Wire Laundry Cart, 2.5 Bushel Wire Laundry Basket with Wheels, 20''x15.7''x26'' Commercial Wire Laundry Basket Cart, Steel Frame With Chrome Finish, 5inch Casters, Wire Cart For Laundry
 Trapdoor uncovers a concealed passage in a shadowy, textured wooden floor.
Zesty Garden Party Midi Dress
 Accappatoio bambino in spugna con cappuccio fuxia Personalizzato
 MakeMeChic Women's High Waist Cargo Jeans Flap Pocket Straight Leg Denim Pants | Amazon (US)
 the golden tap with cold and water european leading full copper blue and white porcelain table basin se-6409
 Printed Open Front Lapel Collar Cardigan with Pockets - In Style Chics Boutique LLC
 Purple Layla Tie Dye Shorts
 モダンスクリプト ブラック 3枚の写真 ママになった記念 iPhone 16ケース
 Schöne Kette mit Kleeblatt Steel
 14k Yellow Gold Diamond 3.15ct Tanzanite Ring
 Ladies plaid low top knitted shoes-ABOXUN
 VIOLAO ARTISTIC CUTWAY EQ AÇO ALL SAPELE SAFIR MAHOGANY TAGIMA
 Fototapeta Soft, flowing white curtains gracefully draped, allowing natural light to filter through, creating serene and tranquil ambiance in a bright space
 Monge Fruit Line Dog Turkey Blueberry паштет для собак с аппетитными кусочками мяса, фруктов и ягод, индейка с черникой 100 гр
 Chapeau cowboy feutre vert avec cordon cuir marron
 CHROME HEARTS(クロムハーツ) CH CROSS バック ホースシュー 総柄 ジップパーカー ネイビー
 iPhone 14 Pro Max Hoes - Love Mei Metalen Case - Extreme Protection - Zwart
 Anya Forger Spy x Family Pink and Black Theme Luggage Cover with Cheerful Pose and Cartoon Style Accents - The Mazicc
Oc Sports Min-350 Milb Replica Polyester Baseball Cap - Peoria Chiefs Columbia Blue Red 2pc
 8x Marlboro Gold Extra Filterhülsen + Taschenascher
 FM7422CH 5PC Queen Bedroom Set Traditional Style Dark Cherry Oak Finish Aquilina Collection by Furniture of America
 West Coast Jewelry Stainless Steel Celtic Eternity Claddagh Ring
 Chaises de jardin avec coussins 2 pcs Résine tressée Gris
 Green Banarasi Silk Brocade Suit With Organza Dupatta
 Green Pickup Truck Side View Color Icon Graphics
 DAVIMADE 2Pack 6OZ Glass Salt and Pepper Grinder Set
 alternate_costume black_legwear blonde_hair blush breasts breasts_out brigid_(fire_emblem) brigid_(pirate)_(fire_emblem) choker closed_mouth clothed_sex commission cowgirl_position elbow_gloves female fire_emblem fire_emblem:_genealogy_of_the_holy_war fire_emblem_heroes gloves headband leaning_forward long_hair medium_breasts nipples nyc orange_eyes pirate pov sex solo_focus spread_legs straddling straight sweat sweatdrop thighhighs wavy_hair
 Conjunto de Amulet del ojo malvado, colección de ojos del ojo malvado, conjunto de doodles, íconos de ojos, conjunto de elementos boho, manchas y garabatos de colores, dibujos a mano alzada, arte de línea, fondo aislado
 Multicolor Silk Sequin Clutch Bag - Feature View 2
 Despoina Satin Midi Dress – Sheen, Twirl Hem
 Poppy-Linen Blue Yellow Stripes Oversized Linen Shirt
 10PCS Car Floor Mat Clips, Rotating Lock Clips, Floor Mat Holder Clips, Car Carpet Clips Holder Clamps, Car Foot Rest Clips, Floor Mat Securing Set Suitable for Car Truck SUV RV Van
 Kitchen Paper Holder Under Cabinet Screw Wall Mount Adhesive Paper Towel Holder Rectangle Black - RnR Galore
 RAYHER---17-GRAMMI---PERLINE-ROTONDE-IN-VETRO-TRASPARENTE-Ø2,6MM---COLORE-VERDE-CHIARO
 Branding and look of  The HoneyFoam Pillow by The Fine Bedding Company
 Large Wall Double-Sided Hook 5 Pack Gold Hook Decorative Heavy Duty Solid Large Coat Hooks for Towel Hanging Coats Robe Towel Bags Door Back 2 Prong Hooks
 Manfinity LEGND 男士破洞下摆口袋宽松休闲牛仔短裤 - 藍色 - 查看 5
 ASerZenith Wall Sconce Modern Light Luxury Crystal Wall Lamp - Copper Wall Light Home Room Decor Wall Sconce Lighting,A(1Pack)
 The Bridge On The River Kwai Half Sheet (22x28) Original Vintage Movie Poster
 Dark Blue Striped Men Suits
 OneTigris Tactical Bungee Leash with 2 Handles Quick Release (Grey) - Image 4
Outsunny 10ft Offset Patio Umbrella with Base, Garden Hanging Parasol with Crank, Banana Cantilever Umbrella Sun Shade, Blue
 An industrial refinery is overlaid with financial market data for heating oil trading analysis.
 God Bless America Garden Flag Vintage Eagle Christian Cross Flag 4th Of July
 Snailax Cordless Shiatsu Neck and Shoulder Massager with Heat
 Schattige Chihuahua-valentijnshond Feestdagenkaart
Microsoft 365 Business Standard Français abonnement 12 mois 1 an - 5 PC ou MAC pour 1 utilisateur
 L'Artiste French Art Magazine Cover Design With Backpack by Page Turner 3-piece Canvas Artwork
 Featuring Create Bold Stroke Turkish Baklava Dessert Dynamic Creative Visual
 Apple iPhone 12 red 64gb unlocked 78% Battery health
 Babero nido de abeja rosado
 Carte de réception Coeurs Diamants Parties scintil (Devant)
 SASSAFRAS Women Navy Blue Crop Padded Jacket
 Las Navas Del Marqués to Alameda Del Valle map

.....

About this exercise
Copy out only the lines above from the one with "Poppy-Linen Blue Yellow" to the one with "Microsoft 365 Business", inclusive, exactly as they stand.

Solution to this exercise
 Poppy-Linen Blue Yellow Stripes Oversized Linen Shirt
 10PCS Car Floor Mat Clips, Rotating Lock Clips, Floor Mat Holder Clips, Car Carpet Clips Holder Clamps, Car Foot Rest Clips, Floor Mat Securing Set Suitable for Car Truck SUV RV Van
 Kitchen Paper Holder Under Cabinet Screw Wall Mount Adhesive Paper Towel Holder Rectangle Black - RnR Galore
 RAYHER---17-GRAMMI---PERLINE-ROTONDE-IN-VETRO-TRASPARENTE-Ø2,6MM---COLORE-VERDE-CHIARO
 Branding and look of  The HoneyFoam Pillow by The Fine Bedding Company
 Large Wall Double-Sided Hook 5 Pack Gold Hook Decorative Heavy Duty Solid Large Coat Hooks for Towel Hanging Coats Robe Towel Bags Door Back 2 Prong Hooks
 Manfinity LEGND 男士破洞下摆口袋宽松休闲牛仔短裤 - 藍色 - 查看 5
 ASerZenith Wall Sconce Modern Light Luxury Crystal Wall Lamp - Copper Wall Light Home Room Decor Wall Sconce Lighting,A(1Pack)
 The Bridge On The River Kwai Half Sheet (22x28) Original Vintage Movie Poster
 Dark Blue Striped Men Suits
 OneTigris Tactical Bungee Leash with 2 Handles Quick Release (Grey) - Image 4
Outsunny 10ft Offset Patio Umbrella with Base, Garden Hanging Parasol with Crank, Banana Cantilever Umbrella Sun Shade, Blue
 An industrial refinery is overlaid with financial market data for heating oil trading analysis.
 God Bless America Garden Flag Vintage Eagle Christian Cross Flag 4th Of July
 Snailax Cordless Shiatsu Neck and Shoulder Massager with Heat
 Schattige Chihuahua-valentijnshond Feestdagenkaart
Microsoft 365 Business Standard Français abonnement 12 mois 1 an - 5 PC ou MAC pour 1 utilisateur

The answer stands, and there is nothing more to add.